顎顔面(顎と顔の骨)の成長について
2011年07月24日以前、歯列不正の原因について考えました。
今回はこれに関連する、顎顔面の成長について考えてみます。
我々の住む世界において、表面の問題は、その中に存在する本質的問題を解決しなければ、本当の解決が得られないという一般的原則が存在します。
この原則論に当てはめてみると、歯列不正は表面の事象であって、本質的には顎顔面の成長に問題があることが明らかになってきました。私の日常の診療でも感じることは、歯列不正の多くはやはり顎顔面の成長発育に問題があります。また、学校における歯科検診などでも感じることですが、顎が小さくほっそりとした子供が多く、やはり歯列不正が以前に比べて比率的に多くなった気がします。
もし、顎がしっかりと前方成長していれば歯列不正は起きません。例えば第1大臼歯は乳歯の後ろから生えてきます。乳歯が生えた後に顎が前方へ成長しないと第1大臼歯が生えてくるスペースがありません。そこで斜めに生えたり、向きをかえたり、外側や内側へはみ出します。場合によっては骨の中にもぐってしまい生えてきません。正常咬合を得るには頭蓋をを含めた顎顔面領域の前方成長が必須です。
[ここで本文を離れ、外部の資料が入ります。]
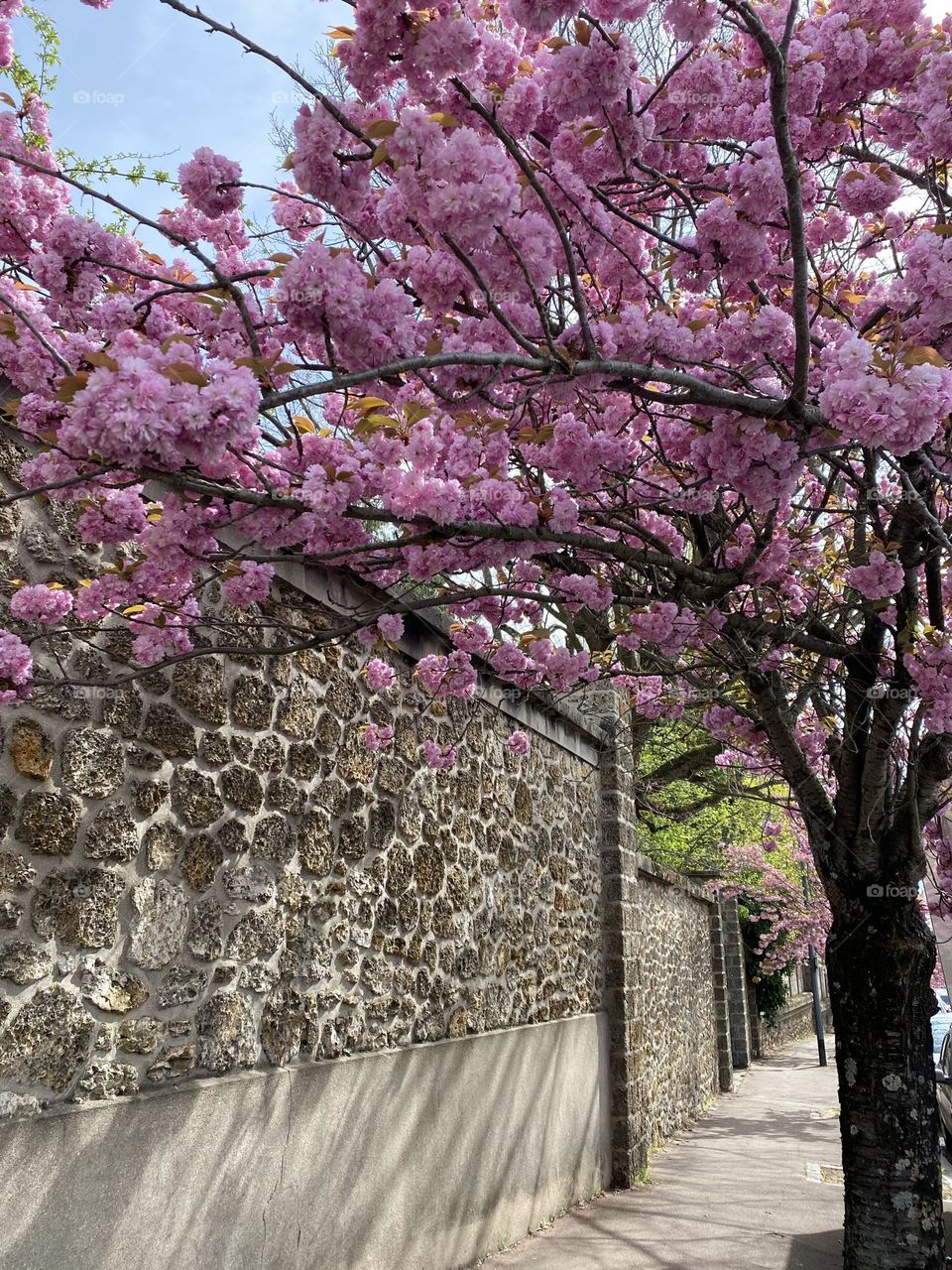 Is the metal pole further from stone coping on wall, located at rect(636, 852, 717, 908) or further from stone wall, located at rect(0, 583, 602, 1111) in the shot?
stone wall, located at rect(0, 583, 602, 1111)

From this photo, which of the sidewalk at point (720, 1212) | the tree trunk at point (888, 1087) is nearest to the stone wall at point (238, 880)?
the sidewalk at point (720, 1212)

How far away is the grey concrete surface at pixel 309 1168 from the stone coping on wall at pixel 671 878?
10.3 ft

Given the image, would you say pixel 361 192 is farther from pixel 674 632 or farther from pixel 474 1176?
pixel 474 1176

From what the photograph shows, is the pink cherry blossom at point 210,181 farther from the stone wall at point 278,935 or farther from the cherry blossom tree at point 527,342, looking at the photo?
the stone wall at point 278,935

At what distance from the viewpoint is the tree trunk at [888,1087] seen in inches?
165

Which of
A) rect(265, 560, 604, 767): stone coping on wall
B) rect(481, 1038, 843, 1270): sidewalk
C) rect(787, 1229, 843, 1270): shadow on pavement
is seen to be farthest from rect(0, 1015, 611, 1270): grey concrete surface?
rect(265, 560, 604, 767): stone coping on wall

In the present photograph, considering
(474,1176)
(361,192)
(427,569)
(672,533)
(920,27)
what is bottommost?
(474,1176)

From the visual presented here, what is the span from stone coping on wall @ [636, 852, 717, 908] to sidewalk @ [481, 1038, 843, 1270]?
2.50 meters

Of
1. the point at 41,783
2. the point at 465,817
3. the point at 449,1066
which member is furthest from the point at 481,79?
the point at 449,1066

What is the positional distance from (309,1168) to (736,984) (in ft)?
49.6

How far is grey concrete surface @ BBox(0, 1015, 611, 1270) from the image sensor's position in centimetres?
271

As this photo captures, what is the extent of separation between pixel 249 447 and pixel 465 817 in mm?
2892

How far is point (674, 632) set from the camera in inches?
179

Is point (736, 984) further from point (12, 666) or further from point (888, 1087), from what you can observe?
point (12, 666) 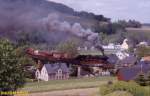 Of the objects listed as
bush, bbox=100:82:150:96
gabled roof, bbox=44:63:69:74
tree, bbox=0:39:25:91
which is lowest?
gabled roof, bbox=44:63:69:74

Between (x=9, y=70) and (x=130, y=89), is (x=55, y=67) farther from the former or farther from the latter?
(x=130, y=89)

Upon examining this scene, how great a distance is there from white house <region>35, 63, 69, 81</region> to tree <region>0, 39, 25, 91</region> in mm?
31097

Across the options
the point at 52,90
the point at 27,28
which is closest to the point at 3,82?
the point at 52,90

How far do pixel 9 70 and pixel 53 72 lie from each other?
32.9m

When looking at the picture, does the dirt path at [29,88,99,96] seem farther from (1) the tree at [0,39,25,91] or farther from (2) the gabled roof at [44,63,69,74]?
(2) the gabled roof at [44,63,69,74]

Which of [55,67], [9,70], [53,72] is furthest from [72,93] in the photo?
[53,72]

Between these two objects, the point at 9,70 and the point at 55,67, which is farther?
the point at 55,67

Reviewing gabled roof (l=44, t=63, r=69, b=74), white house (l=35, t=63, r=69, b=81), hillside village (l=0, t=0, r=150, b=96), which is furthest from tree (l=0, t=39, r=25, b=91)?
white house (l=35, t=63, r=69, b=81)

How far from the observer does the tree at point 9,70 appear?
26984 mm

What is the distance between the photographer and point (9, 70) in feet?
89.4

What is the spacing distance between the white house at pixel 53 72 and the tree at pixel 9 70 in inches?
1224

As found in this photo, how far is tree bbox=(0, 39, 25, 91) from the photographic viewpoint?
26984 mm

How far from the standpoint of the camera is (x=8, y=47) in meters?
28.1

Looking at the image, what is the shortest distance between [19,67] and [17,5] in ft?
140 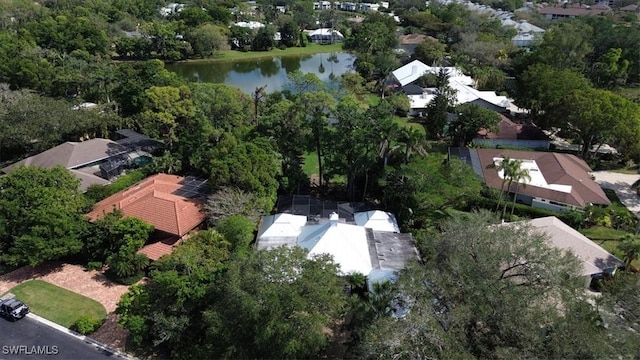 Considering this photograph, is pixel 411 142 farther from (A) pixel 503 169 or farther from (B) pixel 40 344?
(B) pixel 40 344

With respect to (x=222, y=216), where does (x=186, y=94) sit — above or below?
above

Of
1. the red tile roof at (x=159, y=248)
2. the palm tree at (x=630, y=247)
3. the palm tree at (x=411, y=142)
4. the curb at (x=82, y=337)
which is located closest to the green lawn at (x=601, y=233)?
the palm tree at (x=630, y=247)

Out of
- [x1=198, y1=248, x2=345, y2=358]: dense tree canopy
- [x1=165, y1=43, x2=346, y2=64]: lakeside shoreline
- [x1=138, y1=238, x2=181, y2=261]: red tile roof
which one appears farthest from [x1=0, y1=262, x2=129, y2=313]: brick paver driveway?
[x1=165, y1=43, x2=346, y2=64]: lakeside shoreline

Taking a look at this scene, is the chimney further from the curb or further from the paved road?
the paved road

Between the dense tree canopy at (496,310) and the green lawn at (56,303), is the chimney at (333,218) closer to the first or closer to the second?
the dense tree canopy at (496,310)

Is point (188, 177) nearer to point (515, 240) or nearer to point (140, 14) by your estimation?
point (515, 240)

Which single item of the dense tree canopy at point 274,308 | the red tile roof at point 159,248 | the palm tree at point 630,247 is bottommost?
the red tile roof at point 159,248

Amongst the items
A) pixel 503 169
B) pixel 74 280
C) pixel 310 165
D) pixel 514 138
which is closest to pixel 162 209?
pixel 74 280

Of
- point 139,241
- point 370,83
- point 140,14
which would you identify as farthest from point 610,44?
point 140,14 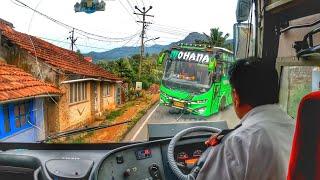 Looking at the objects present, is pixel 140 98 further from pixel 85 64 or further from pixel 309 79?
pixel 309 79

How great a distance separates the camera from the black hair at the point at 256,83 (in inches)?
65.1

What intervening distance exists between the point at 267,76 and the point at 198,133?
1024mm

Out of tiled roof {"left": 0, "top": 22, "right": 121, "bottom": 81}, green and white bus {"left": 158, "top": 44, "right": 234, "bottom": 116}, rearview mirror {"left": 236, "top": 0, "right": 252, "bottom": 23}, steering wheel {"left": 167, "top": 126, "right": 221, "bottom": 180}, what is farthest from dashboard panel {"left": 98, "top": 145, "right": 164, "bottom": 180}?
green and white bus {"left": 158, "top": 44, "right": 234, "bottom": 116}

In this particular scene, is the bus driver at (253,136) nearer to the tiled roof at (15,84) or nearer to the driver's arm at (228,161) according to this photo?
the driver's arm at (228,161)

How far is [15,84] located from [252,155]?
722 cm

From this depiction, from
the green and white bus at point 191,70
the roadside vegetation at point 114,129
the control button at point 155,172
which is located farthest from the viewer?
the green and white bus at point 191,70

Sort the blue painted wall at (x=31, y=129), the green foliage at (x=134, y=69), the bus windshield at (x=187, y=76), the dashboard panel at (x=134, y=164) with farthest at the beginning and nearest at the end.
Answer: the bus windshield at (x=187, y=76) → the green foliage at (x=134, y=69) → the blue painted wall at (x=31, y=129) → the dashboard panel at (x=134, y=164)

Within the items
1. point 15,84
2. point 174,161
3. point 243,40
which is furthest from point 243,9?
point 15,84

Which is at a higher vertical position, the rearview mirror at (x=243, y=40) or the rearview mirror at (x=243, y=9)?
the rearview mirror at (x=243, y=9)

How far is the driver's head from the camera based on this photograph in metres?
1.65

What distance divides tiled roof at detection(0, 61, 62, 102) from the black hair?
5291 millimetres

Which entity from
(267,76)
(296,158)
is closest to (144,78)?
(267,76)

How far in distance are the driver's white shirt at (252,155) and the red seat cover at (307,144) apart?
44 cm

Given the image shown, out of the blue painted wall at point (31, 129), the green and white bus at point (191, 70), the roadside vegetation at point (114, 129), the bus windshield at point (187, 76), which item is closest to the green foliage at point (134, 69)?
the green and white bus at point (191, 70) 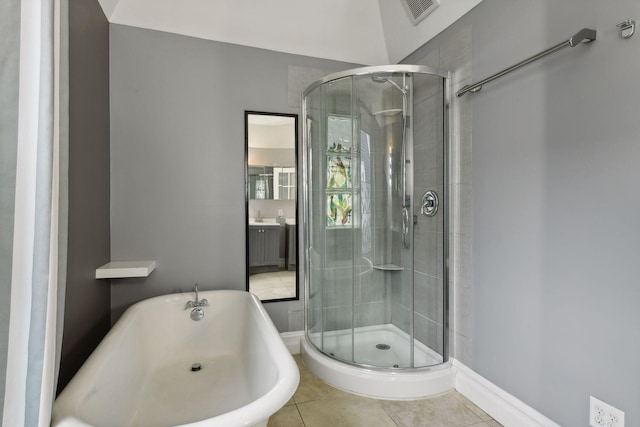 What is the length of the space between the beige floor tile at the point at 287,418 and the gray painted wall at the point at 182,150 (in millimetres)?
836

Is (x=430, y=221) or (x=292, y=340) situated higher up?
(x=430, y=221)

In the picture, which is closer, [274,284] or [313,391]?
[313,391]

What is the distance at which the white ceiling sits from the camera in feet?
7.51

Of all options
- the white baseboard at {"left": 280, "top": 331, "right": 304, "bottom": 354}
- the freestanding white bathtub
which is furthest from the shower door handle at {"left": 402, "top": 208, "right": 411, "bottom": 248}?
the white baseboard at {"left": 280, "top": 331, "right": 304, "bottom": 354}

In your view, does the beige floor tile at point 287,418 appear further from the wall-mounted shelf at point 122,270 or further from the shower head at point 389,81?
the shower head at point 389,81

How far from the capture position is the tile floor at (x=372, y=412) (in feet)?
5.99

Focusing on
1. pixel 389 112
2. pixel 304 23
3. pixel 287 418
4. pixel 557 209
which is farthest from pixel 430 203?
pixel 304 23

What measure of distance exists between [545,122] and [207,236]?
2.15m

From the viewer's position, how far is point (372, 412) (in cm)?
193

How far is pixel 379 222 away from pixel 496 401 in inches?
47.1

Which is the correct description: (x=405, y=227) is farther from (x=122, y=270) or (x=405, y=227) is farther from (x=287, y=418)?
(x=122, y=270)

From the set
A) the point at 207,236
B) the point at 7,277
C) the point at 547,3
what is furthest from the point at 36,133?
the point at 547,3

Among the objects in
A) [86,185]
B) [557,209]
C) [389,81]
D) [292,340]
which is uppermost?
[389,81]

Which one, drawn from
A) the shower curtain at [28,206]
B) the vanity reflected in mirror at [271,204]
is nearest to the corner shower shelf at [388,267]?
the vanity reflected in mirror at [271,204] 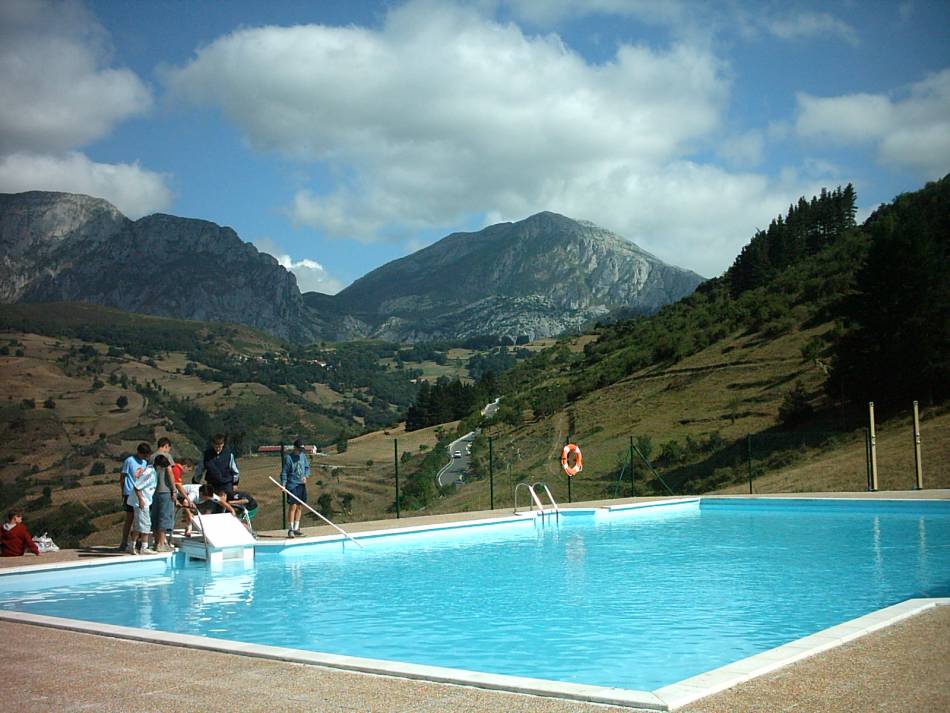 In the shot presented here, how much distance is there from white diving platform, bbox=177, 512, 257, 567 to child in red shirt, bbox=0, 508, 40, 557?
2295mm

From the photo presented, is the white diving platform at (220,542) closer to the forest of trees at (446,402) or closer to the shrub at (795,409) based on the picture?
the shrub at (795,409)

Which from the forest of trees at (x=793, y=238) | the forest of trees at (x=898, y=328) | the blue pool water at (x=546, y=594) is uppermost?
the forest of trees at (x=793, y=238)

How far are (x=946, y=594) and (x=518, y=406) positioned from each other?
47594 mm

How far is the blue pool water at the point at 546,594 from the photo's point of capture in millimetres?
7129

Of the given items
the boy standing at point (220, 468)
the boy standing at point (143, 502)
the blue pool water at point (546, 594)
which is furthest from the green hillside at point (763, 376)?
the boy standing at point (143, 502)

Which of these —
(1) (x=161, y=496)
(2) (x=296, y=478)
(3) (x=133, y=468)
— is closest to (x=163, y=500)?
(1) (x=161, y=496)

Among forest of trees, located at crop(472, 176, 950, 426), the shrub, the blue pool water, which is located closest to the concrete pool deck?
the blue pool water

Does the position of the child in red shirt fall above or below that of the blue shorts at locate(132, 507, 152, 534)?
below

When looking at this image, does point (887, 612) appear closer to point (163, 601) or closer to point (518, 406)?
point (163, 601)

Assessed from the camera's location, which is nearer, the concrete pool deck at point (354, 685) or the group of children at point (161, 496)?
the concrete pool deck at point (354, 685)

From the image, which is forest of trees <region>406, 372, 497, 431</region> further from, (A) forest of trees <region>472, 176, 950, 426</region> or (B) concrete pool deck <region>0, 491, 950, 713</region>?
(B) concrete pool deck <region>0, 491, 950, 713</region>

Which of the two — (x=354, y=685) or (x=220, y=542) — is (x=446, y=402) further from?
(x=354, y=685)

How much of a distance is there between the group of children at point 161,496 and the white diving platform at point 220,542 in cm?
32

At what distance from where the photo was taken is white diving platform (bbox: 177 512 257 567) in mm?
11961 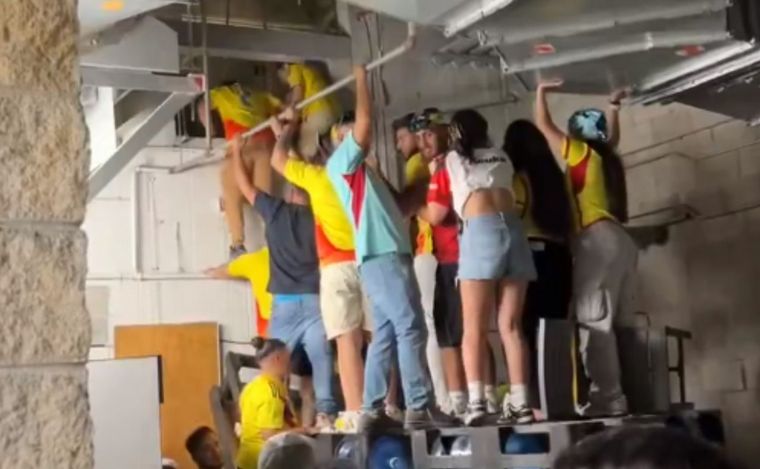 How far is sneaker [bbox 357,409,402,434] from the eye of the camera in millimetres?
4574

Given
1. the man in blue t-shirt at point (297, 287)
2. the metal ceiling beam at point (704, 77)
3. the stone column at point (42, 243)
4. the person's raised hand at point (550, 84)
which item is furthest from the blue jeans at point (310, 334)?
the stone column at point (42, 243)

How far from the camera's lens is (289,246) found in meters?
5.72

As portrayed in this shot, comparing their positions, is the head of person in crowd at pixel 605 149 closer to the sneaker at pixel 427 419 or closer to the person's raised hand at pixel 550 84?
the person's raised hand at pixel 550 84

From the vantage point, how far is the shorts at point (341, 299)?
5004mm

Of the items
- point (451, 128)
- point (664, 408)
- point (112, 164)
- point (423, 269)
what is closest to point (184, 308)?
point (112, 164)

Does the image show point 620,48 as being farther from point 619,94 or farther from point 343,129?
point 343,129

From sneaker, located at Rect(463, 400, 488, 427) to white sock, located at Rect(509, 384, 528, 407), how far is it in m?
0.11

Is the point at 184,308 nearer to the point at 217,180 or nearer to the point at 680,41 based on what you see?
the point at 217,180

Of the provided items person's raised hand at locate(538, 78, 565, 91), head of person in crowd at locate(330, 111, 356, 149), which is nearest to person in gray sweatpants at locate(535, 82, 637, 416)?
person's raised hand at locate(538, 78, 565, 91)

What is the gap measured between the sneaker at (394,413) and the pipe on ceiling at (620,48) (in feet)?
5.18

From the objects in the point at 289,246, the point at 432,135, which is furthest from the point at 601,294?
the point at 289,246

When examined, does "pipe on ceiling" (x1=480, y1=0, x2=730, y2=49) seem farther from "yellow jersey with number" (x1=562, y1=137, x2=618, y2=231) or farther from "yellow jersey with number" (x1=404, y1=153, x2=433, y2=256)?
"yellow jersey with number" (x1=404, y1=153, x2=433, y2=256)

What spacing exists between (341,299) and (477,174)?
37.3 inches

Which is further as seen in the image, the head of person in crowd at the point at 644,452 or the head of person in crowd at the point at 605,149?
the head of person in crowd at the point at 605,149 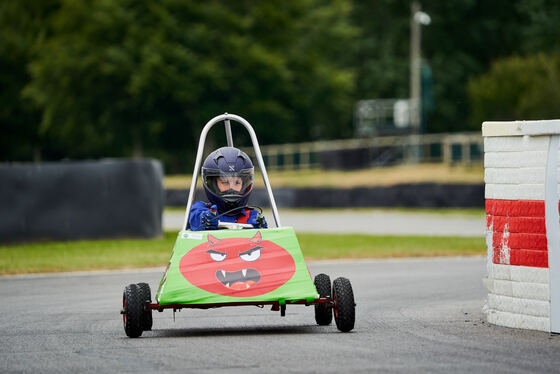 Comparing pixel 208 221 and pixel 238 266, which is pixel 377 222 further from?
pixel 238 266

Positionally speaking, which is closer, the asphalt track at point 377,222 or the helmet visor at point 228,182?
the helmet visor at point 228,182

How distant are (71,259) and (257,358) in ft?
35.5

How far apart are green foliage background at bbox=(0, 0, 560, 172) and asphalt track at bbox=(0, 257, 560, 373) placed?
1322 inches

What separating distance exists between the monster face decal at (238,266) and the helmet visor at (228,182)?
46 centimetres

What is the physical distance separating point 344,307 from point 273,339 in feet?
2.07

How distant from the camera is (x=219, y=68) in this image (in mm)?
56156

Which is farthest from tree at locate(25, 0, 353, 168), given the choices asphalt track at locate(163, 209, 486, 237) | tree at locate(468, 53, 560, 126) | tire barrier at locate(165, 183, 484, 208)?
asphalt track at locate(163, 209, 486, 237)

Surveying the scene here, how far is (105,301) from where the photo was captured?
12234 mm

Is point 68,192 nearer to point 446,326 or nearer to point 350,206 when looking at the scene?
point 446,326

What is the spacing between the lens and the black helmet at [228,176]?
946 cm

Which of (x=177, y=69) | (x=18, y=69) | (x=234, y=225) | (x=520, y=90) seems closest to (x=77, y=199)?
(x=234, y=225)

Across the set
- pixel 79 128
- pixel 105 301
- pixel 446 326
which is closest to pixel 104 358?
pixel 446 326

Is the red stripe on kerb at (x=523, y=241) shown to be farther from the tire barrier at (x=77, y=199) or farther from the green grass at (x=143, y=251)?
the tire barrier at (x=77, y=199)

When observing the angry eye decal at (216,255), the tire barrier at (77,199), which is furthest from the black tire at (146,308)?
the tire barrier at (77,199) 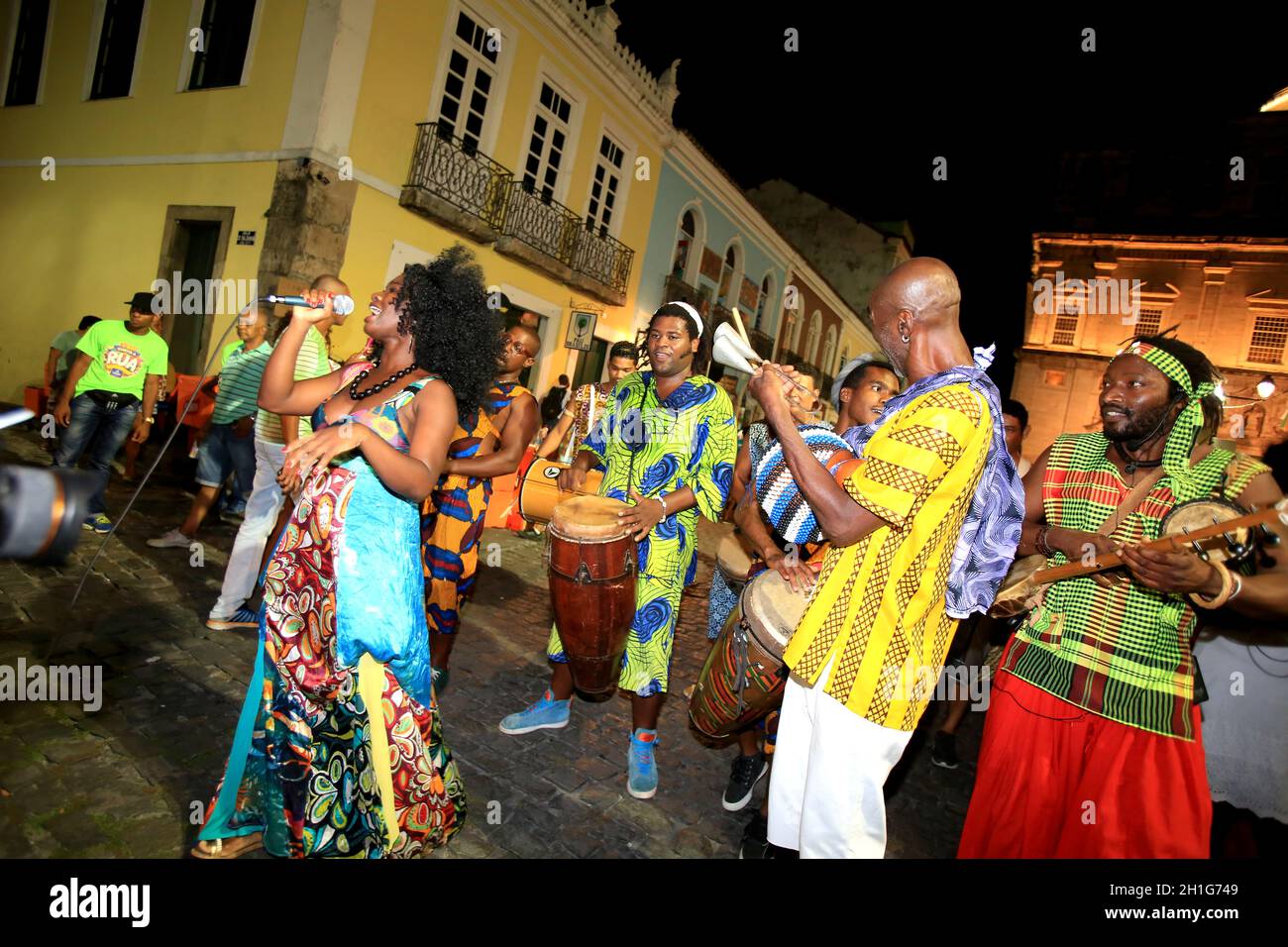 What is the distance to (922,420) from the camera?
6.23 ft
それではどのようにすれば顎が正しく成長するのでしょうか。バイオブロック療法を考案したDr.J.Mewは以下のように指摘しています。
よ1. 口唇閉鎖(口を閉じる)すること
2. 上下の歯が軽く接触していること
3. 舌が口蓋(上顎の舌で触って平らな部分)に接触していること
これらの条件を満たすとき、顎は前方に成長すると述べています。
次にこれらを阻む要因について考えてみます。
アレルギー、喘息などの呼吸器疾患を持つ場合や扁桃肥大などを持つ方は、気道の狭窄が起こりやすく口呼吸になりやすいため口唇が閉じにくい状態になります。
また、舌が大きい場合も舌を上下の歯の間に介在させるため口が開くようになります。そして、上の顎の前歯を押すようになれば上顎前突(いわゆる出っ歯)になります。
これらの問題を解決する一つとしてバイオブロック療法が考案されました。